新たな預かり事業で待機児童問題は解決するのか
1. こども家庭庁が新たな預かり事業を開始。待機児童を対象。
2. 学童保育の要件を緩和し、短時間でも利用可能に。
3. 自治体に補助金を提供し、待機児童の減少を目指す。
こども家庭庁は、共働き家庭などの小学生を預かる「放課後児童クラブ(学童保育)」を利用できない待機児童向けに、新たな預かり事業を開始します。この事業は、学童保育の開設要件を緩和し、預かる日数や時間が短くても認めることで、都市部に多い待機児童の減少を図ることを目的としています。
5月時点での待機児童は1万8462人で、特に東京、埼玉、千葉で多く見られます。新事業は、50人以上の待機児童がいる市区町村を対象に、利用を待機児童に限定します。国の基準では、学童の開所日数は年間250日以上、授業がある日の預かり時間は3時間以上、ない日は8時間以上が原則ですが、新事業ではこれらの基準を短縮することが可能です。
待機児童の約半数は高学年で、習い事や塾通いで学童を毎日利用する必要がない子どもも多いため、こうしたニーズを取り込み、待機児童の減少につなげる狙いがあります。開設場所は、保育園の空き部屋など既存施設を活用し、学童で定められた面積に満たなくても認められます。

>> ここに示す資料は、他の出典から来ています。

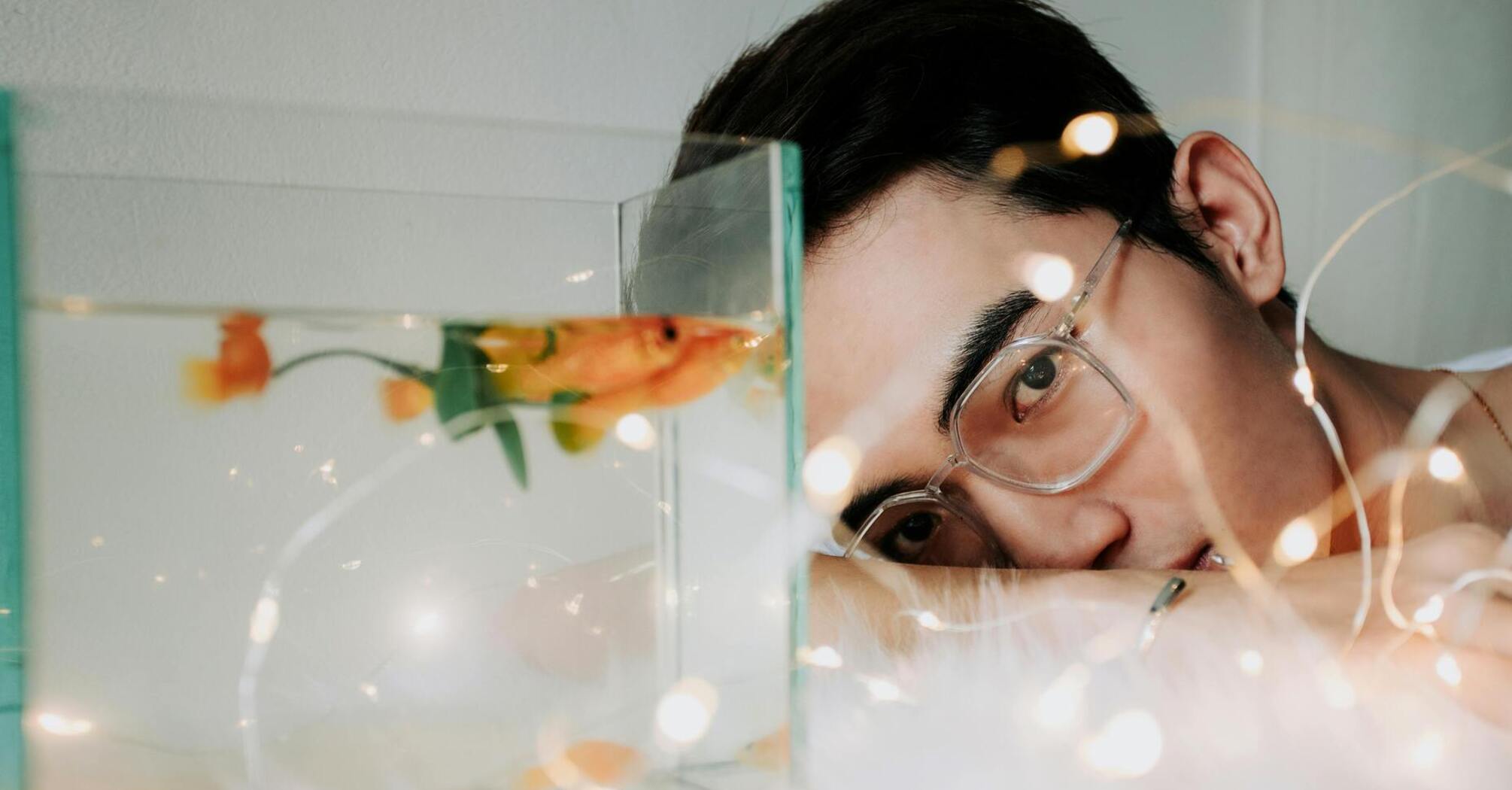 Internal and external filters for the aquarium: which one is better to choose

安全管理のため、複数の職員の配置が求められますが、学童で必要な「放課後児童支援員」であるかどうかは必ずしも問われません。この運用により、学童に新たに職員を雇うよりも費用が低額で済むとされています。
少子化で学童利用者の減少が予想されるため、全希望者を学童で預かれるようになるまでの代替措置として位置づけられています。こども家庭庁は、自治体に対して人件費などとして最大400万円を補助し、今年度の補正予算に約1億6000万円を計上して40程度の実施自治体を募ります。準備が整った自治体は、今年度から預かりを開始する予定です。